DESCRIPTION OF THE TASK:
An exact transcription is needed, starting at the line containing "this 800×450 image." and running through the last line of the records, with every picture left out.

◆ ◆ ◆ ◆ ◆ ◆ ◆

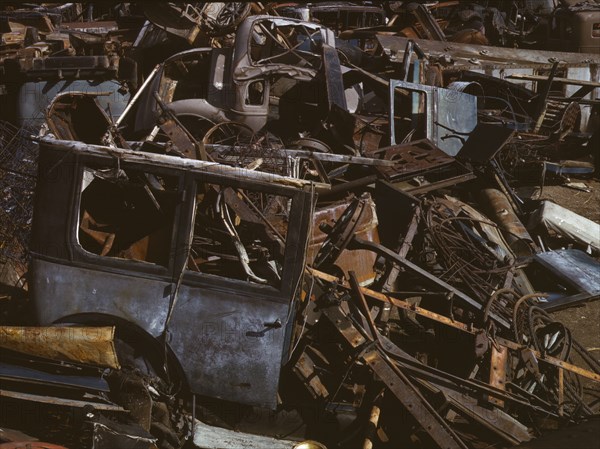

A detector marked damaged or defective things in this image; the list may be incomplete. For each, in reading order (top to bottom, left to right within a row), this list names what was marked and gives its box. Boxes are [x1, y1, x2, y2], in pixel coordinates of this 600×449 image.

rusty panel [0, 326, 120, 368]
corroded vehicle cab [29, 136, 314, 406]
rusty panel [308, 195, 378, 284]
rusted metal frame [324, 304, 468, 448]
rusted metal frame [310, 266, 600, 382]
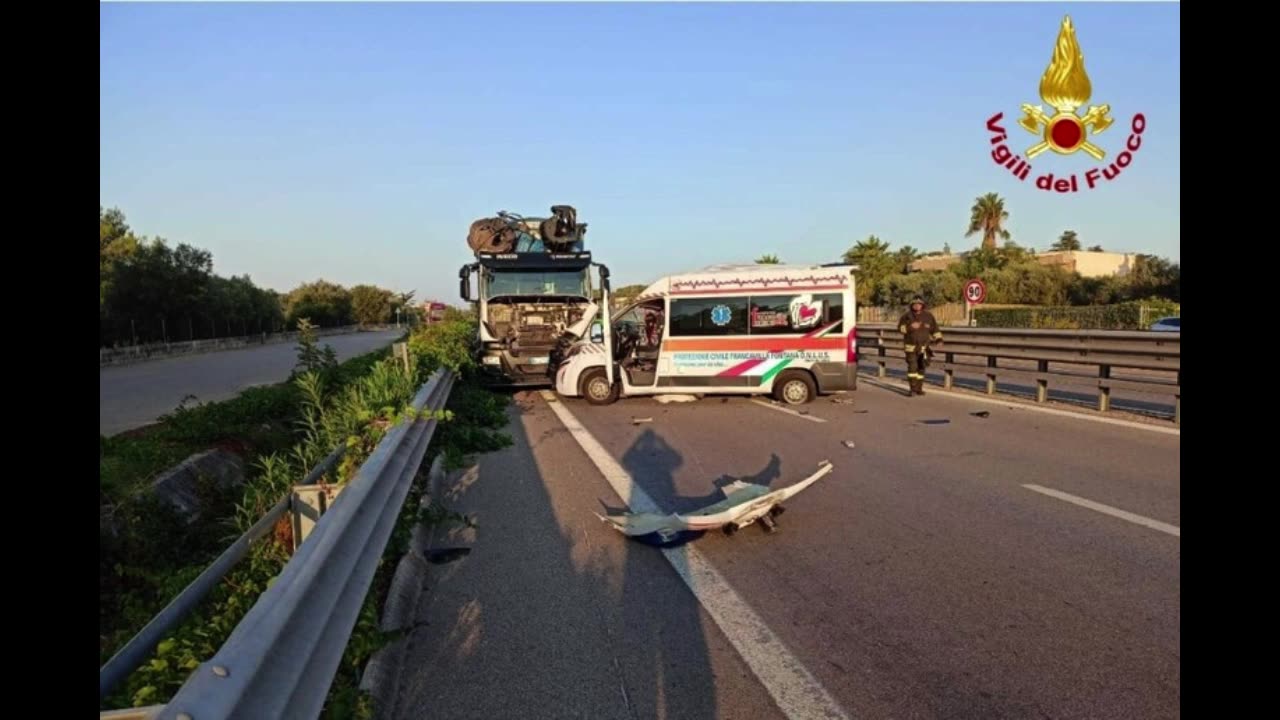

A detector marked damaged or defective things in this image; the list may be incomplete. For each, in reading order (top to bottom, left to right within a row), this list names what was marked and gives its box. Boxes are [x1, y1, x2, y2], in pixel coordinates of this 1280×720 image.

damaged truck cab [460, 252, 616, 388]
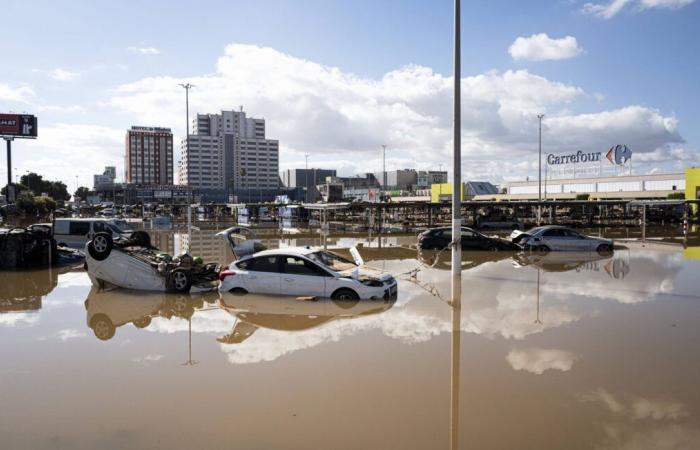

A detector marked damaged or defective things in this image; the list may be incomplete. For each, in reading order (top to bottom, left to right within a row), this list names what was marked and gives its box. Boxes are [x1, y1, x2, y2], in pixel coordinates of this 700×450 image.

overturned car [86, 230, 220, 294]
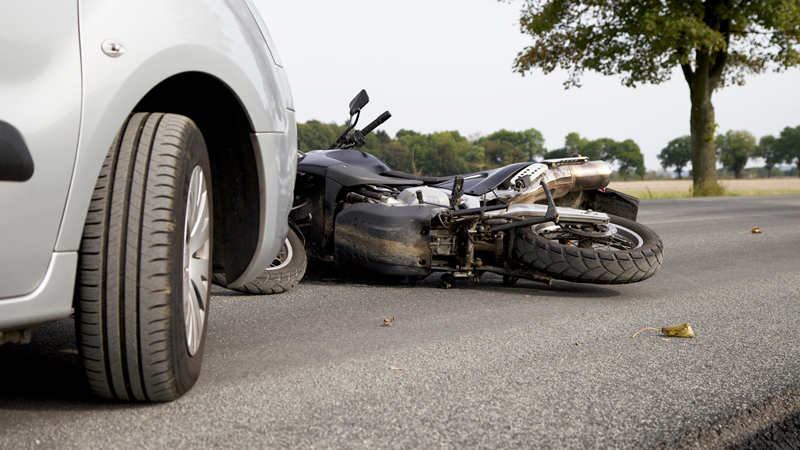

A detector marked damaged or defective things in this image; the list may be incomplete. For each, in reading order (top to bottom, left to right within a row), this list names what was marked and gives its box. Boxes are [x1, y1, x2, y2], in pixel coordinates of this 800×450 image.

crashed motorcycle [225, 91, 664, 292]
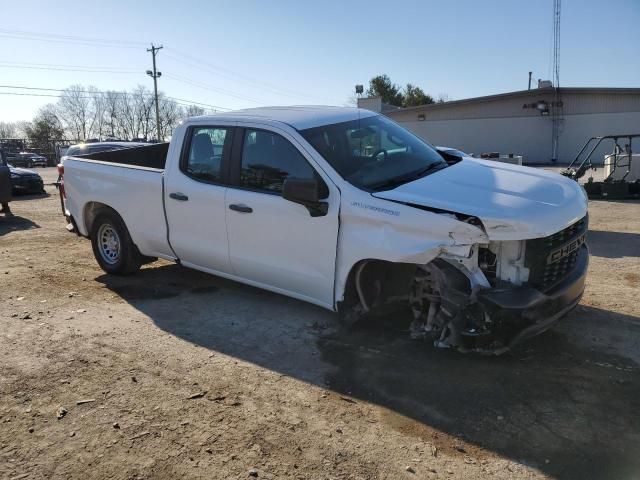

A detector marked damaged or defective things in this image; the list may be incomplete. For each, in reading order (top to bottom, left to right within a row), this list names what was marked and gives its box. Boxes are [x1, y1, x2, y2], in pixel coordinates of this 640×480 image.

crushed front bumper [478, 244, 588, 352]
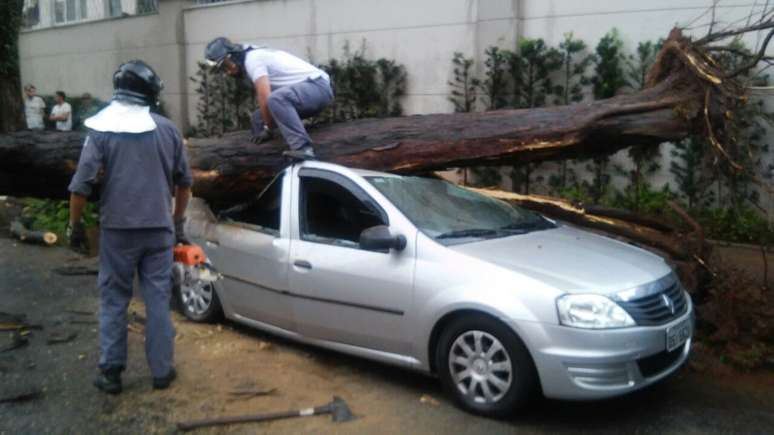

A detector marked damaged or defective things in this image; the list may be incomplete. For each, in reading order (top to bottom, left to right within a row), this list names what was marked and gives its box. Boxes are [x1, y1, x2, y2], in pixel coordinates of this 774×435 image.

shattered windshield [366, 177, 556, 245]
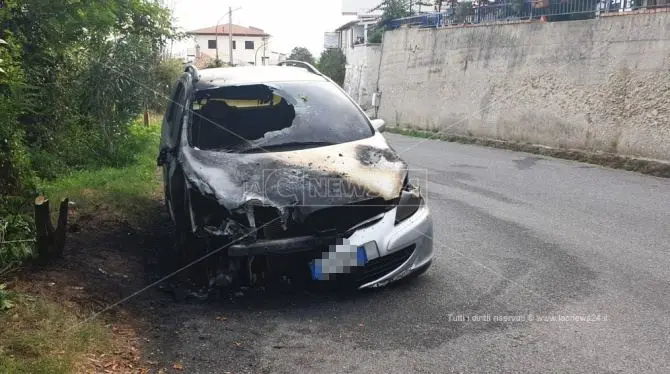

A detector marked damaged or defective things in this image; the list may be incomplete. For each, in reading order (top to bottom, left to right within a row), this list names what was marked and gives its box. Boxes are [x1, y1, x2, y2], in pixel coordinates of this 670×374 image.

shattered windshield [189, 81, 376, 152]
soot damage [172, 81, 414, 292]
burned car [158, 61, 434, 290]
damaged front bumper [226, 203, 436, 288]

◆ ◆ ◆ ◆ ◆ ◆ ◆

RESPONSE TO THIS EXERCISE:
A detector marked damaged or defective things in this image; the list may be incomplete. For each, in reading order (top to bottom, left to right within a row), this list names what was marked and gives its box. Boxes are [x1, y1, x2, y2], in pixel coordinates of this 800×450 image.

crashed motorcycle [225, 91, 664, 292]

A detector marked damaged or defective things in this image; the list may be incomplete. For each, in reading order (top to bottom, left to right within a row), this list names what was marked and gives its box. Boxes are [x1, y1, x2, y2], in pixel coordinates of this 640×480 image.

crushed front bumper [478, 244, 588, 352]

A detector marked damaged or defective things in this image; the list may be incomplete. For each, in reading order (top to bottom, left to right within a row), this list names what was marked and gives its box. Boxes are [x1, y1, x2, y2], in pixel coordinates of this 774×435 image.

shattered windshield [366, 177, 556, 245]

A detector marked damaged or defective things in this image; the list may be incomplete. For each, in reading order (top to bottom, left to right within a row), this list names what was marked and gives its box. Boxes are [x1, y1, x2, y2], in pixel coordinates of this 670×374 image.

shattered windshield [189, 81, 376, 152]
soot damage [172, 81, 414, 292]
burned car [158, 61, 434, 290]
damaged front bumper [226, 203, 436, 288]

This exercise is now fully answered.